俳句の作り方 無季の俳句
「烏宙論」あくがれば遠し荒野道 伊庭直子いばなおこ
うちゅうろん あくがればとおし あれのみち
この句は2022年2月号の『河』に掲載されました。
無季俳句です。
無季俳句とは季語を使っていない俳句です。
荒野道は季語ではありません。
枯葉道なら季語です。
季語の力の応援がない分覚悟して作句しました。
また、あくがるはあこがれるの文語的表現です。
「烏宙論」は河原枇杷男かわはらびわおの第一句集です。
河原枇杷男について・・・。
1930年、兵庫県宝塚市に生まれる。
24歳の時、永田耕衣ながたこういに入門。
「琴座」同人。
数々の賞を受賞。
「烏宙論」の中から厳選2句をご紹介します。
野菊まで行くに四五人斃れけり
のぎくまで いくにしごにん たおれけり
野菊が秋の季語。
私は自由に解釈して反戦俳句であると捉えました。
野菊は平和の象徴。
野菊を求めて大勢の人が死んでいったのです。
野菊まで行くに四五人斃れけり
或る闇は蟲の形をしてけり哭けり
あるやみは むしのかたちを してなけり
蟲が秋の季語。
たくさん存在する闇の中の一つが或る闇です。
この闇は作者自身であり巨大な虫の形をして慟哭しているのです。
生きることの哀しみを感じます。
或る闇は蟲の形をして哭けり
「烏宙論』のどこに惹かれたのかと申しますと
第一に写実句でなく心を精神を詠んでいる点です。
しかも幻想的で深い。
私は深くて幻想的な俳句が好きなのです。
そんな俳句を目指しています。
まさに「烏宙論」は私の憧れです。
しかし、究極の俳句に到達するには遠いし困難な荒野道です。
そのような心情を詠んだのが
「烏宙論」あくがれば遠し荒野道 です。
伊庭さんは明確に目指すべき句の到達点があるのですね。僕にはそういう到達点はありませんが、何時も思い出す句が3点あります。

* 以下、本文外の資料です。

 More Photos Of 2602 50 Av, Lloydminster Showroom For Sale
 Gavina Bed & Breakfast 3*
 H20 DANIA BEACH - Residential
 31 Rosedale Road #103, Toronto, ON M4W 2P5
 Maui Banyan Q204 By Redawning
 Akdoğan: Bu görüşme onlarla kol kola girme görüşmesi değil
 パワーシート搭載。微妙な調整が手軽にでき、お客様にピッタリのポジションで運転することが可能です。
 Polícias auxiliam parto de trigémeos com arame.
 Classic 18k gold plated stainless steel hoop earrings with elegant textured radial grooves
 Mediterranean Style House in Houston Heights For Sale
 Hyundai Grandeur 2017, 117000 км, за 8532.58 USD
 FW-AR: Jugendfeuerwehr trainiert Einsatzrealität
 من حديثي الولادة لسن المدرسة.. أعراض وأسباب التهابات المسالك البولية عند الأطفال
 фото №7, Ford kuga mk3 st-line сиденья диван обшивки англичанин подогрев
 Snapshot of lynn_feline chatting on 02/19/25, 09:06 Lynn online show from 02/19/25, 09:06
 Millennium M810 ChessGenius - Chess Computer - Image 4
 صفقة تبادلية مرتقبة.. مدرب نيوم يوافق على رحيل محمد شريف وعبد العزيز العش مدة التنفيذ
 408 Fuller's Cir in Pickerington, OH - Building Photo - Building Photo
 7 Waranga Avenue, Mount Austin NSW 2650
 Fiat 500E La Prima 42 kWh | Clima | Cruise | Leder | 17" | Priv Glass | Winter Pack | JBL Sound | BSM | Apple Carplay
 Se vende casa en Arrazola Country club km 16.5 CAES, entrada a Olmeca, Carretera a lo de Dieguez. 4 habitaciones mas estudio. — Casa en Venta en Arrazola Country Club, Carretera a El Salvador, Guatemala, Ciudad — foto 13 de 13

1つは角川春樹氏の「何処より来たるいのちや蝉時雨」と鎌田俊氏の「たましひを山に返して胡桃泣く」それに堀本祐樹氏の
「永遠に己を目指すヨットかな」の3つです。
何故か、その三つはふと思います。
深くて幻想的な句を目指すという伊庭さんの思い大切にして下さいね。
角川俳句大歳時記をのぞいていると、河原枇杷男の例句がありました。
囀やさへづりながら近づく死
いい句ですね。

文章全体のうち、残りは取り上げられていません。